Captioned web images
= = = = =

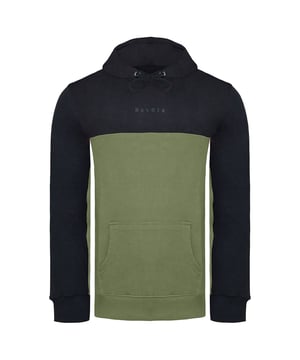De Devote London Rafola Mens Black/Olive Hoodie is een stijlvolle en comfortabele hoodie die perfect is om elke dag te dragen. Hij is gemaakt van een zachte en lichtgewicht katoenmix die perfect is om in laagjes te dragen. De hoodie heeft een ronde hals, een relaxte pasvorm en een kangoeroezak, waardoor het een veelzijdige optie is die zowel omhoog als omlaag gekleed kan worden.

De hoodie is gemaakt van een mix van 60% katoen en 40% polyester. Deze mix maakt de hoodie zacht, lichtgewicht en duurzaam. De hoodie heeft ook een relaxte pasvorm, waardoor hij comfortabel zit. De ronde hals is een klassieke halslijn die zowel stijlvol als comfortabel is. De kangoeroezak is praktisch en perfect om kleine spullen in op te bergen.

De hoodie heeft een opvallend zwart en olijfkleurig kleurenschema. Zwart is een klassieke kleur die perfect te combineren is met andere kleuren, terwijl olijf zorgt voor een aards contrast. Het kleurenschema is perfect voor een casual look, maar kan ook worden aangekleed voor formelere gelegenheden.

De hoodie heeft een Devote London logopatch op de borst. Het logo is klein en ingetogen, zodat het niet afdoet aan de algehele look van de hoodie.

De hoodie kan in de wasmachine, dus hij is gemakkelijk te onderhouden. Het is ook een relatief betaalbare hoodie, dus hij heeft een goede prijs-kwaliteitverhouding.

Over het geheel genomen is de Devote London Rafola Mens Black/Olive Hoodie een goede keuze voor mannen die op zoek zijn naar een stijlvolle en comfortabele hoodie die perfect is om elke dag te dragen. Het is een goede optie voor mannen die een relaxte pasvorm en een ronde hals willen.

= = = = =

:: TASK DETAILS ::
Take the data above and repeat it exactly, leaving each picture out.

:: ANSWER ::
De Devote London Rafola Mens Black/Olive Hoodie is een stijlvolle en comfortabele hoodie die perfect is om elke dag te dragen. Hij is gemaakt van een zachte en lichtgewicht katoenmix die perfect is om in laagjes te dragen. De hoodie heeft een ronde hals, een relaxte pasvorm en een kangoeroezak, waardoor het een veelzijdige optie is die zowel omhoog als omlaag gekleed kan worden.

De hoodie is gemaakt van een mix van 60% katoen en 40% polyester. Deze mix maakt de hoodie zacht, lichtgewicht en duurzaam. De hoodie heeft ook een relaxte pasvorm, waardoor hij comfortabel zit. De ronde hals is een klassieke halslijn die zowel stijlvol als comfortabel is. De kangoeroezak is praktisch en perfect om kleine spullen in op te bergen.

De hoodie heeft een opvallend zwart en olijfkleurig kleurenschema. Zwart is een klassieke kleur die perfect te combineren is met andere kleuren, terwijl olijf zorgt voor een aards contrast. Het kleurenschema is perfect voor een casual look, maar kan ook worden aangekleed voor formelere gelegenheden.

De hoodie heeft een Devote London logopatch op de borst. Het logo is klein en ingetogen, zodat het niet afdoet aan de algehele look van de hoodie.

De hoodie kan in de wasmachine, dus hij is gemakkelijk te onderhouden. Het is ook een relatief betaalbare hoodie, dus hij heeft een goede prijs-kwaliteitverhouding.

Over het geheel genomen is de Devote London Rafola Mens Black/Olive Hoodie een goede keuze voor mannen die op zoek zijn naar een stijlvolle en comfortabele hoodie die perfect is om elke dag te dragen. Het is een goede optie voor mannen die een relaxte pasvorm en een ronde hals willen.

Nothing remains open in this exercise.